Para a maioria de nós, é difícil compreender o mundo quântico: segundo o princípio da incerteza de Heisenberg, é como observar uma dança sem nunca conseguir ver ao mesmo tempo exatamente onde alguém está a dançar e a que velocidade se move — é sempre preciso escolher um dos aspetos.
E, no entanto, esta dança quântica está longe de ser caótica; os bailarinos seguem uma coreografia rigorosa.
Nas moléculas, este comportamento peculiar tem outra consequência: mesmo que uma molécula estivesse completamente congelada a zero absoluto, nunca ficaria totalmente em repouso. Os átomos que a compõem executam uma dança silenciosa e interminável, impulsionada pela chamada energia de ponto zero.
Durante muito tempo, estes movimentos padronizados de ponto zero foram considerados impossíveis de medir diretamente.
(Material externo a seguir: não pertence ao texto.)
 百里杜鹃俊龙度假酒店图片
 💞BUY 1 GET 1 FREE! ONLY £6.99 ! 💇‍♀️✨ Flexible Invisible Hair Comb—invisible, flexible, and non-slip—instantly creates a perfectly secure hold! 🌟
Contudo, cientistas da Universidade Goethe de Frankfurt e de instituições parceiras conseguiram agora fazê-lo no maior laser de raios X do mundo, o European XFEL, em Hamburgo, Alemanha.
No decurso do seu estudo, conseguiram “captar a dança dos átomos” iluminando moléculas individuais e registando instantâneos dos seus átomos — revelando a coreografia precisa de cada um deles.
Os resultados do estudo foram apresentados num artigo publicado na semana passada na revista Science.
“O mais entusiasmante no nosso trabalho é termos conseguido observar que os átomos não vibram apenas individualmente, mas de forma acoplada, seguindo padrões definidos”, explica professor Till Jahnke, do Instituto de Física Nuclear da Universidade Goethe de Frankfurt e do Instituto Max Planck de Física Nuclear em Heidelberg, e autor principal do estudo.
“Medimos este comportamento diretamente pela primeira vez em moléculas individuais de dimensão intermédia, que se encontravam também no seu estado de energia mais baixo. Este movimento de ponto zero é um fenómeno puramente quântico, impossível de explicar de forma clássica”, acrescenta o investigador, citado pelo Science Daily.
Em vez de coreografia, os físicos falam em modos vibracionais.
Enquanto os padrões de movimento de moléculas com dois ou três átomos são relativamente simples de seguir, em moléculas de dimensão intermédia tornam-se rapidamente complexos — como no caso da iodopiridina, objeto de estudo, composta por onze átomos.
A iodopiridina apresenta um verdadeiro repertório de 27 modos vibracionais diferentes — do bailado ao tango, passando pela dança popular.
“Esta experiência tem uma longa história”, acrescenta Jahnke. “Recolhemos os dados em 2019, durante uma campanha de medições liderada por Rebecca Boll no European XFEL, com um objetivo totalmente distinto. Só dois anos mais tarde percebemos que estávamos, na realidade, a observar sinais de movimento de ponto zero”.
“Olhando para trás, muitas peças do puzzle tiveram de se encaixar de forma perfeita”, conclui o investigador.
Os resultados do estudo oferecem uma perspetiva inteiramente nova sobre fenómenos quânticos. Pela primeira vez, os investigadores puderam observar diretamente os complexos padrões de movimento de ponto zero em moléculas mais elaboradas.
“Estamos constantemente a melhorar o nosso método e já planeamos as próximas experiências”, adianta Jahnke. “O nosso objetivo é ir além da dança dos átomos e observar também a dança dos eletrões — algo que outrora parecia inimaginável”.